Таким образом, нас связывала только дружба, штука более крепкая, чем прошлые долги и правила чести, иными словами то, что давало ему право приставать ко мне с подобными делами, где я даже Рэндома мог послать к черту, коль скоро я принял решение. Я понимал, что мне не следует раздражаться, так как все сказанное им было предложено честно. Вероятнее всего, что это было старое военное чувство, восходившее к нашим самым давнишним отношениям так же, как связанное с нынешним положение дел: я не люблю, чтобы обсуждали мои решения и приказы. Я решил, что, вероятно, меня даже больше раздражал тот факт, что он в последнее время высказал несколько проницательных догадок и несколько основанных на них довольно здравых предложений, до чего, как я чувствовал, мне следовало додуматься самому. Никому не нравится признаваться в обиде, основанной на чем-то подобном. И все же, только ли в этом дело? Простая проекция неудовлетворенности из-за немногочисленных примеров личной недостаточности? Старый армейский рефлекс насчет святости моих решений? Или меня беспокоило что-то более глубокое и как раз теперь всплывшее на поверхность?

– Корвин, – произнес Ганелон, – я тут поразмыслил…

Я вздохнул:

– Да?

– Насчет сына Рэндома. Учитывая, как на вас все заживает, я полагаю вполне возможным, что он мог выжить и все еще где-то бродит.

– Хотелось бы думать, что так оно и есть.

– Не слишком торопись с такими пожеланиями.

– Что ты имеешь в виду?

– Как я понял, он имел очень мало контакта с Эмбером и с остальной семьей, учитывая, что вырос он в Рембе.

– Да, я тоже так думаю.

– Фактически, кроме Бенедикта и Льювиллы в Рембе, единственный, с кем он имел контакт, был тот, кто ударил его ножом.

– Блейз, Бранд или Фиона. Мне пришло в голову, что у него, вероятно, сложилось искаженное представление о семье.

– Искаженное, – допустил я, – но может быть, вполне оправданное, если я понимаю, к чему ты клонишь.

– Думаю, что понимаешь. Кажется допустимым, что он не только боится семьи, но и имеет зуб на вашу компанию.

– Такое вполне возможно.

– Не думаешь ли ты, что он мог переметнуться к врагам?

Я покачал головой:

– Нет, если он знает, что они орудия тех, кто пытался убить его.

– Но так ли это? Интересно знать… Ты говоришь, что Бранд испугался и попытался отказаться от какой-то там ихней договоренности с шайкой черной дороги. Если они так сильны, то я хотел бы знать, не могли ли Фиона и Блейз стать их орудиями? Если это так, то я могу представить себе Мартина, выискивающего что-то, что дает ему власть над ними.

– Слишком детальное построение из догадок, – возразил я.

– Враги, кажется, слишком много знают о вас.

– Верно, но у нас имелась пара предателей, которые могли много рассказать им.

– Могли ли они дать им все, что по твоим словам знала Дара?

– Это хороший довод, – признал я, – но трудно сказать.
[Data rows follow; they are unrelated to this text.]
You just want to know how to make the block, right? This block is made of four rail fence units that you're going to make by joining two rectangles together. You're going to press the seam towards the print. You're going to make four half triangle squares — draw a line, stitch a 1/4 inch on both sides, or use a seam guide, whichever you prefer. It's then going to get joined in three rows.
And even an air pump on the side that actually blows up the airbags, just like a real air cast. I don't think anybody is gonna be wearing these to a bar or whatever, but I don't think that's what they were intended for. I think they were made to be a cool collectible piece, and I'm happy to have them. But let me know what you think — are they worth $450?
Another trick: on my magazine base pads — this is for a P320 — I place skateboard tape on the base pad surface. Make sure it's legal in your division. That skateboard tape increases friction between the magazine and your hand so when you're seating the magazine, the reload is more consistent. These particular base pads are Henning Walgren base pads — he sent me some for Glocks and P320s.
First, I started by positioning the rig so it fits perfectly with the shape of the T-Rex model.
Кроме случая с Теки, немедленно пришедшего мне на ум. Однако, я решил держать это при себе, чтобы выяснить, к чему он клонит, а не удаляться по касательной. Поэтому я сказал:

– Мартин едва ли способен рассказать им многое об Эмбере.
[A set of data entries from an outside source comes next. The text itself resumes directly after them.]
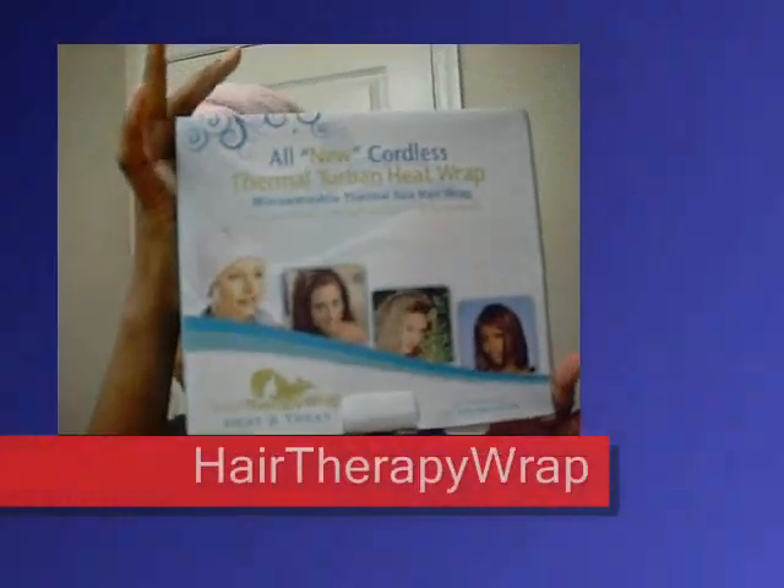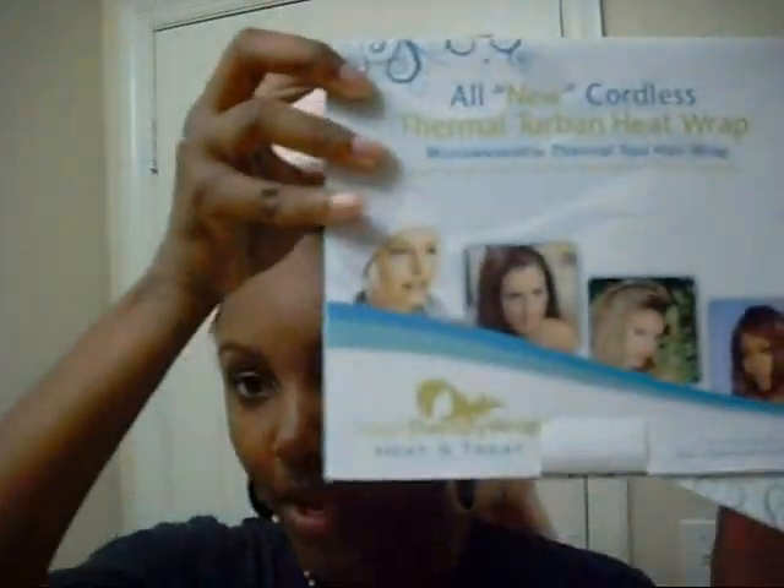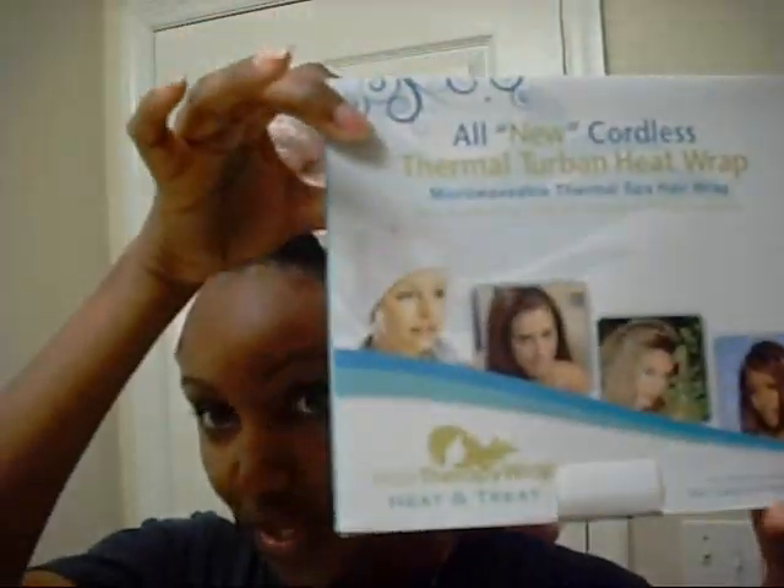So this is after taking my braids out and I'm thinking I really want to do a deep treatment on my hair, but I don't feel like sitting under the dryer. I really, really don't. So you know what I got? Hair Wrap Therapy. I stumbled upon this online once and I thought it was very interesting. We actually gave some of these away at our natural hair gathering, so if you happen to win one of these and you're interested in knowing how it works, I'm about to show you.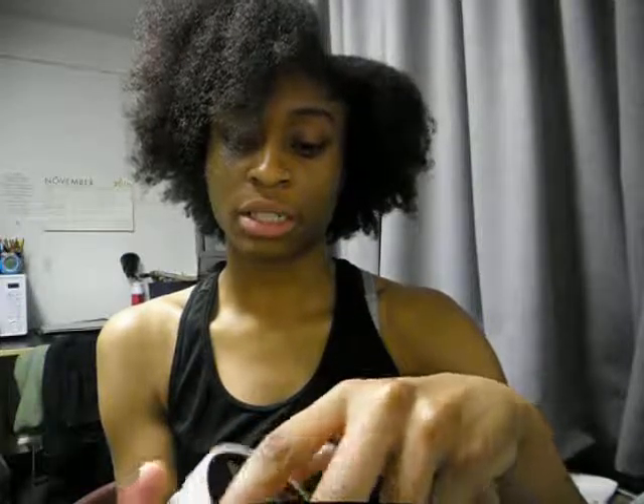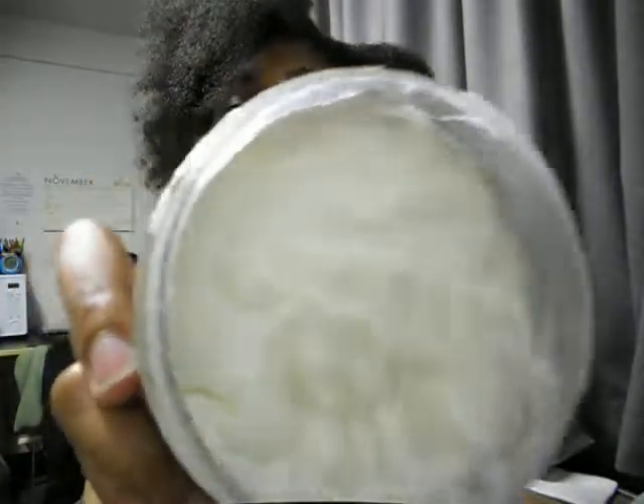I'm going to open this up so you guys can see the texture. It's a bit of a creamy, thick texture.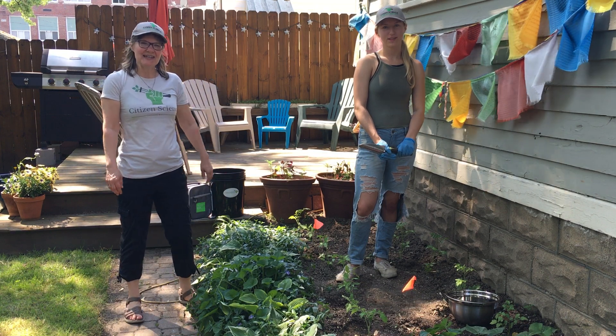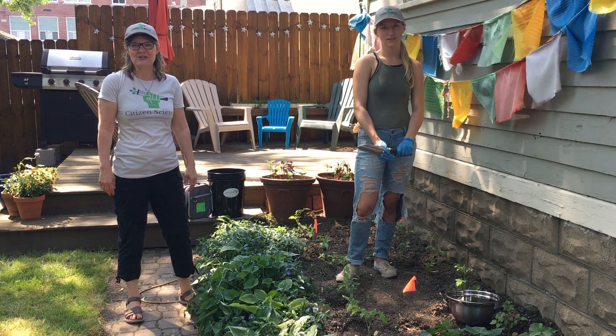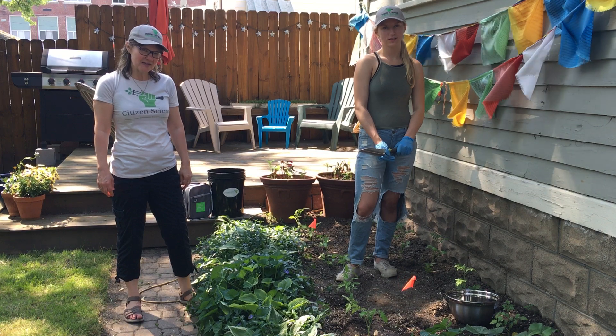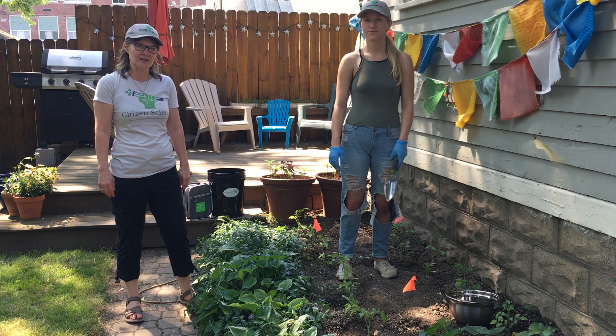Hi, my name is Jackie and I'm with Citizen Science Community Resources, and this is Krista with our organization as well. We're here to show you how to take a three-point random soil sample in a garden using our Citizen Science Soil Sampling Toolkit.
Ганелон с минуту помолчал, а затем спросил:

– У тебя был случай проверить это дело, о котором я тебя спрашивал той ночью у твоей гробницы?

– Какое дело?

– Можно ли подслушивать с помощью Карт? – напомнил он. – Теперь, когда мы знаем, что у Мартина есть колода…

Наступила моя очередь замолчать, пока небольшое семейство минуток перешло мне слева дорогу и показывая мне язык.
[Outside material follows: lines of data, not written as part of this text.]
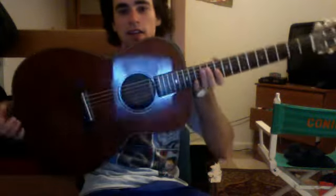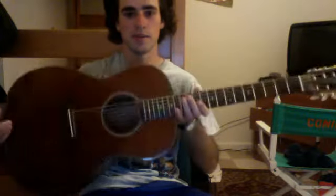Hey Eric, first of all, check out my new guitar — Takamine 1999 Koa limited edition. It's awesome. Parlor, really small, love it.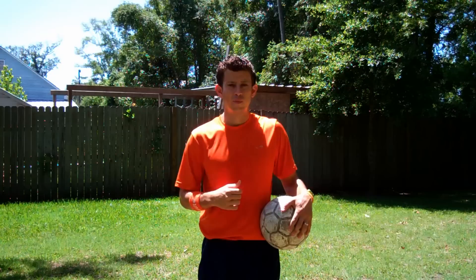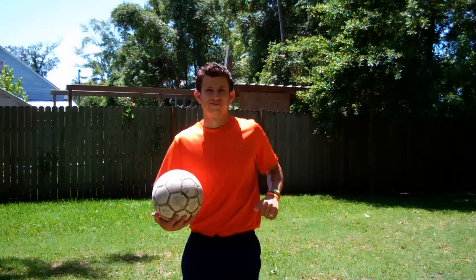An exercise a player can do: practice the throw-in with a partner, back and forth, or up against a fence if you don't have a partner. Repeat until comfortable. How about you be my partner?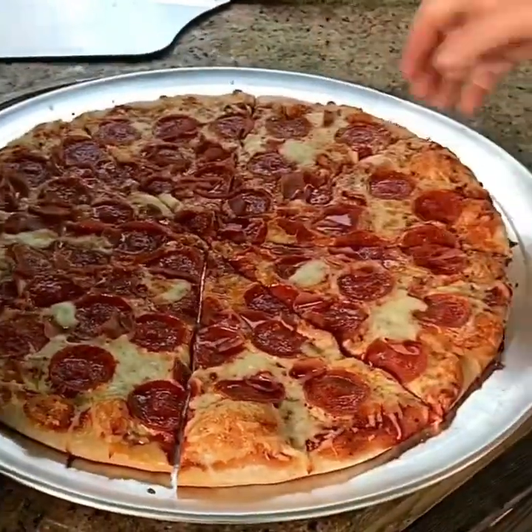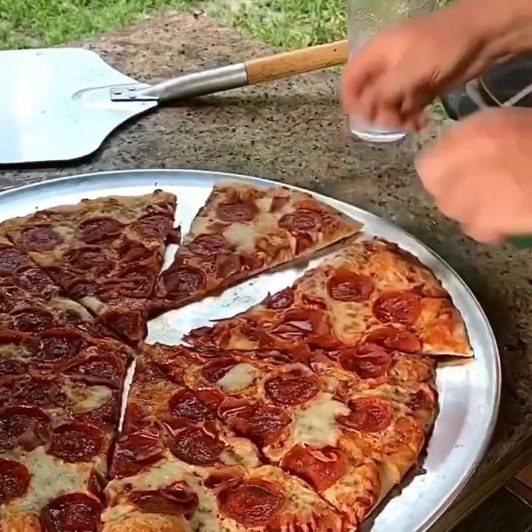Now, the real test. Let's see the bottom. Is it brown? Heck yeah, it's brown. It's crispy and brown, of course.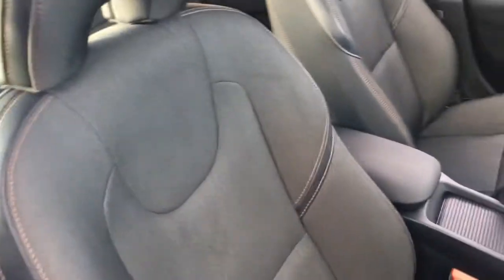Quick look at the interior — I've got some really comfortable upholstery and some great features to get onto a bit later on in the video.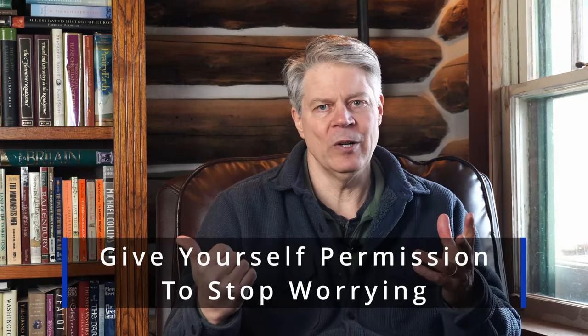All this worry pollutes the present and prevents us from enjoying life whether in the woods or at home. So I wanted to share my two-step process for letting go of worry. Sounds simple, but as with most things, doing is more difficult than just describing the process. The first step is to give yourself permission to stop worrying. That sounds kind of obvious, but the reality is we seem to have this subconscious belief that worrying about a bad thing happening somehow prevents the bad thing from happening.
– Нет, – наконец, произнес я. – У меня не было случая проверить это.

Мы проехали немалое расстояние, прежде чем он произнес:

– Корвин, той ночью, когда вы вернули Бранда…

– Да?

– Ты говоришь, что после ты проверил алиби у всех, чтобы выяснить, кто же это тебя ударил, и что любому из них было бы трудно выкинуть такой фокус в данное время.

– Да, – вымолвил я.

Он кивнул:

– Теперь ты можешь подумать об еще одном своем родственнике. У него может отсутствовать семейная ловкость лишь потому, что он молод и неопытен.

Мысленно усмехнувшись, я сделал ручкой безмолвному параду минуток, прошедших между Эмбером и мной.